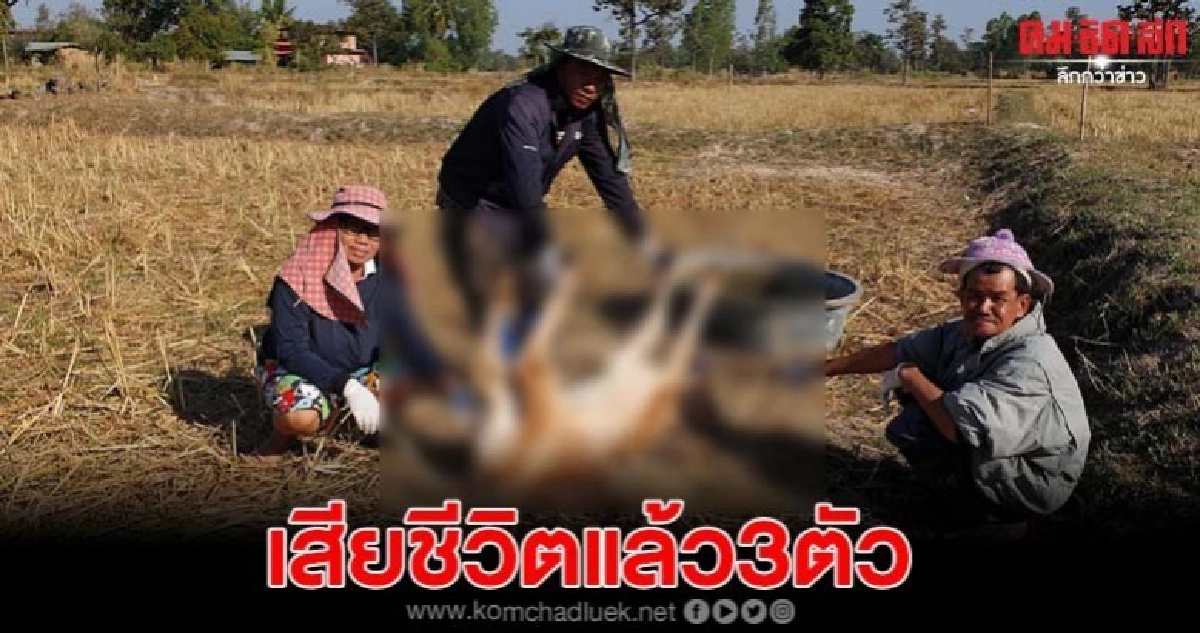 พบวัว-ควายป่วยคล้ายโรคมือเท้าปาก เสียชีวิตแล้ว3ตัว พบวัว-ควายป่วยคล้ายโรคมือเท้าปาก เสียชีวิตแล้ว3ตัว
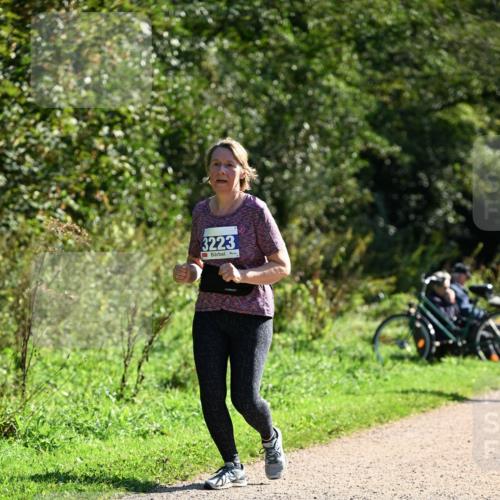 27.09.2026 - 35. Volkslauf durch das schöne Alstertal Dr. Thomas Lammeyer http://msf.ph/oto/10576285 27.09.2026 11:42:58 Laufen 3223 meine-sportfotos.de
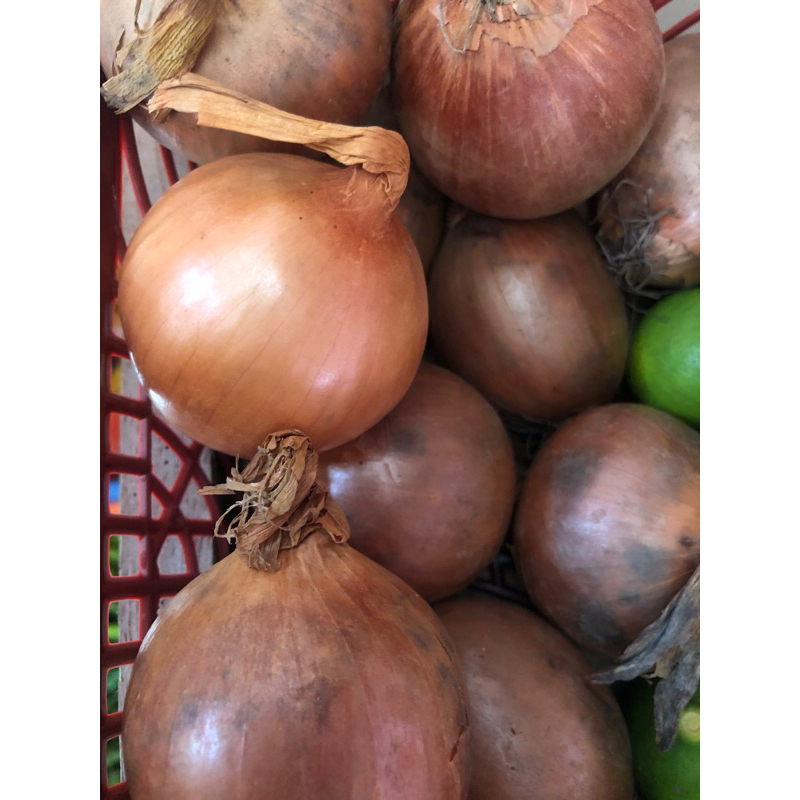 

Bawang Bombay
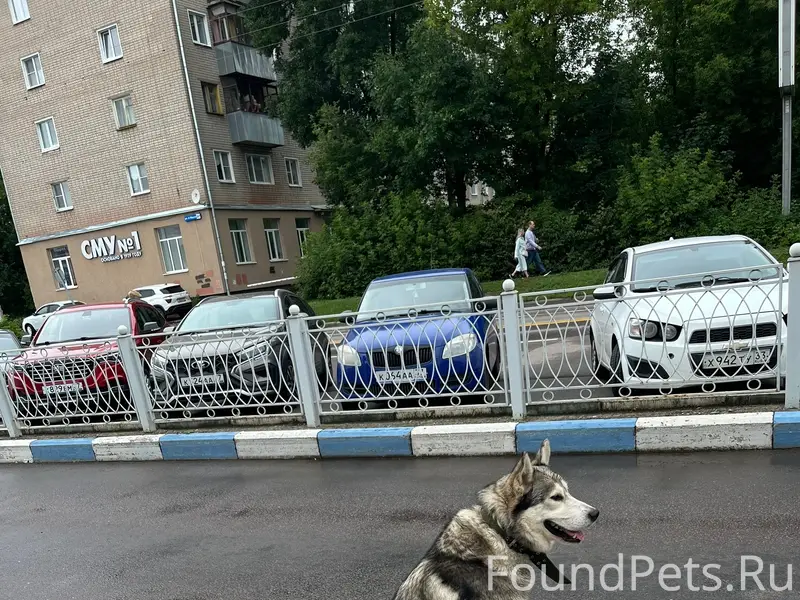 Пропала собака, остановка «Серебряный город»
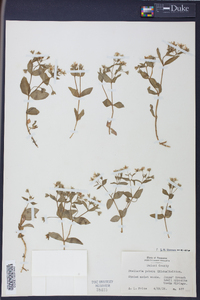 Stellaria puber image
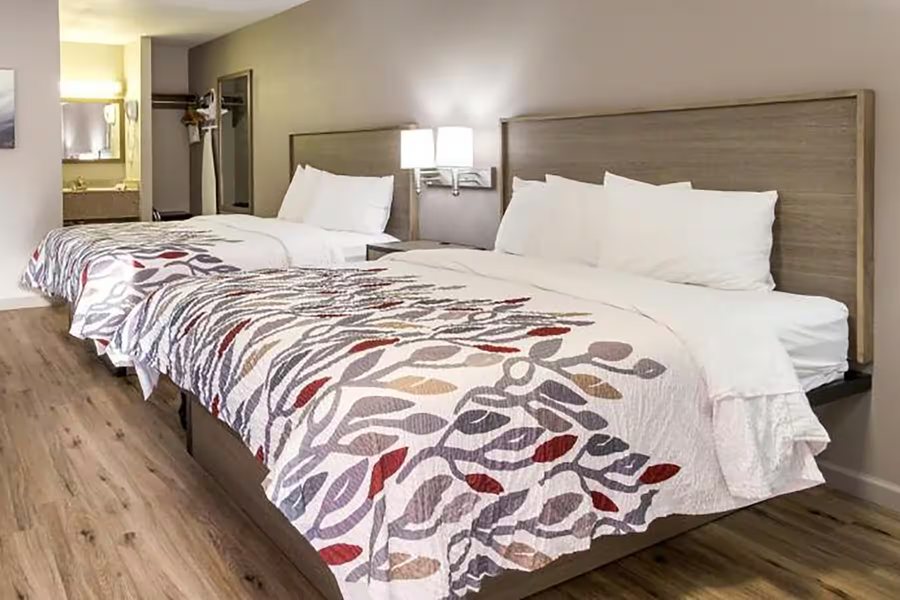 Baymont by Wyndham Socorro — Guest room
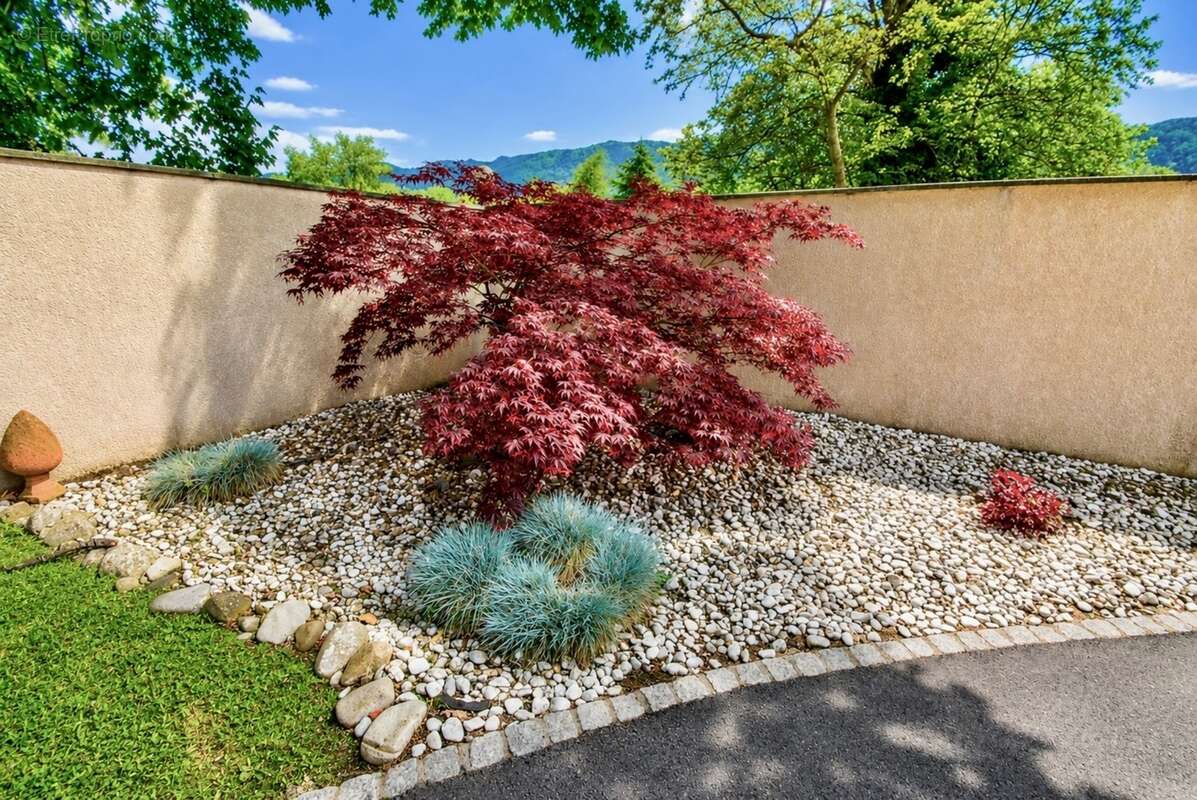 Maison à vendre 11 pièces LULLY (74) - photo 23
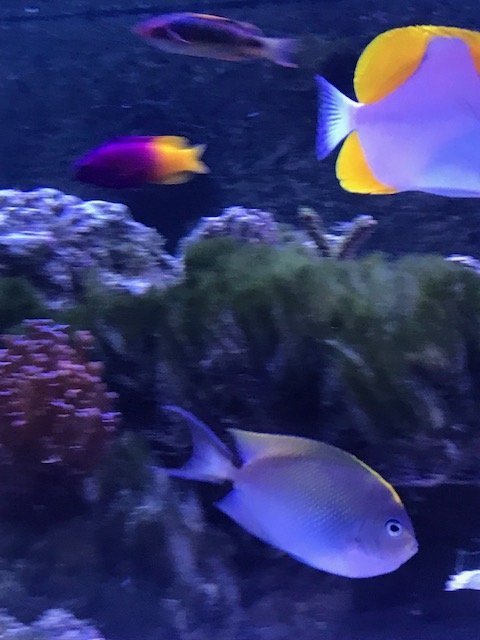 IMG_2177.jpg IMG_2177.jpg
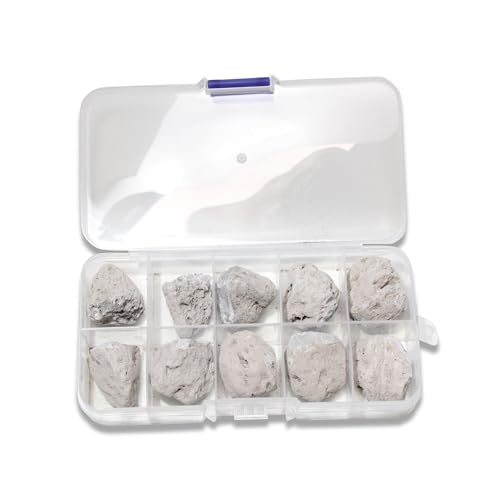 Pumice Rock Specimens (10 Pieces) - Metamorphic Rocks for Science Classrooms - Geologist Selected & Hand Processed - Class Pack, Education Collection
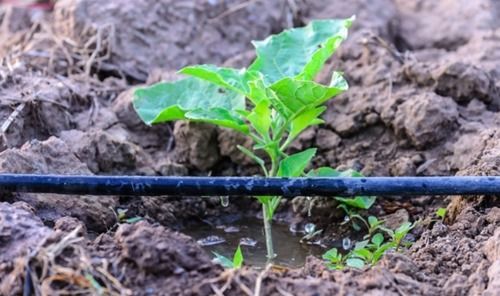 Drip Irrigation System For Water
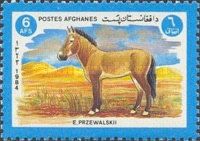 Przewalski's Horse (Equus ferus przewalskii)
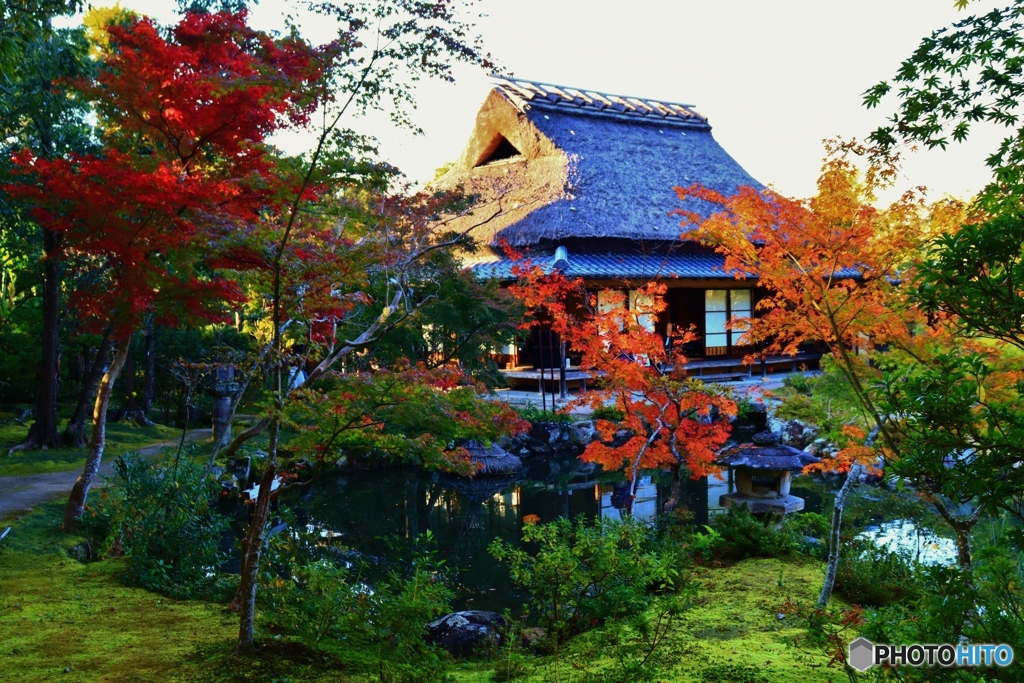 依水園　茶室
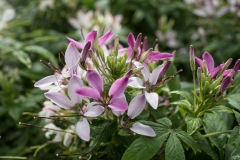 GFB-CLEOME-CLEMENTINE-BLUSH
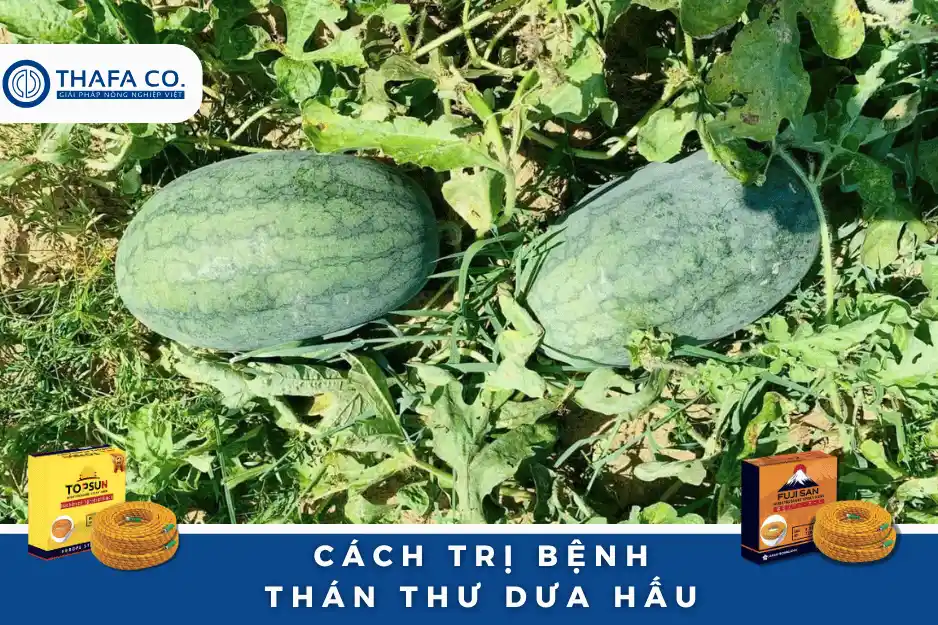 Bệnh thán thư trên dưa hấu: Nguyên nhân, dấu hiệu & cách trị hiệu quả 2025 4 Cách trị bệnh thán thư dưa hấu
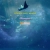 orbitaltenor.yorniq.xyz avatar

Task to carry out — Copy out every entry above exactly. Leave the pictures out.

Answer for this exercise —
 พบวัว-ควายป่วยคล้ายโรคมือเท้าปาก เสียชีวิตแล้ว3ตัว พบวัว-ควายป่วยคล้ายโรคมือเท้าปาก เสียชีวิตแล้ว3ตัว
 27.09.2026 - 35. Volkslauf durch das schöne Alstertal Dr. Thomas Lammeyer http://msf.ph/oto/10576285 27.09.2026 11:42:58 Laufen 3223 meine-sportfotos.de

Bawang Bombay
 Пропала собака, остановка «Серебряный город»
 Stellaria puber image
 Baymont by Wyndham Socorro — Guest room
 Maison à vendre 11 pièces LULLY (74) - photo 23
 IMG_2177.jpg IMG_2177.jpg
 Pumice Rock Specimens (10 Pieces) - Metamorphic Rocks for Science Classrooms - Geologist Selected & Hand Processed - Class Pack, Education Collection
 Drip Irrigation System For Water
 Przewalski's Horse (Equus ferus przewalskii)
 依水園　茶室
 GFB-CLEOME-CLEMENTINE-BLUSH
 Bệnh thán thư trên dưa hấu: Nguyên nhân, dấu hiệu & cách trị hiệu quả 2025 4 Cách trị bệnh thán thư dưa hấu
 orbitaltenor.yorniq.xyz avatar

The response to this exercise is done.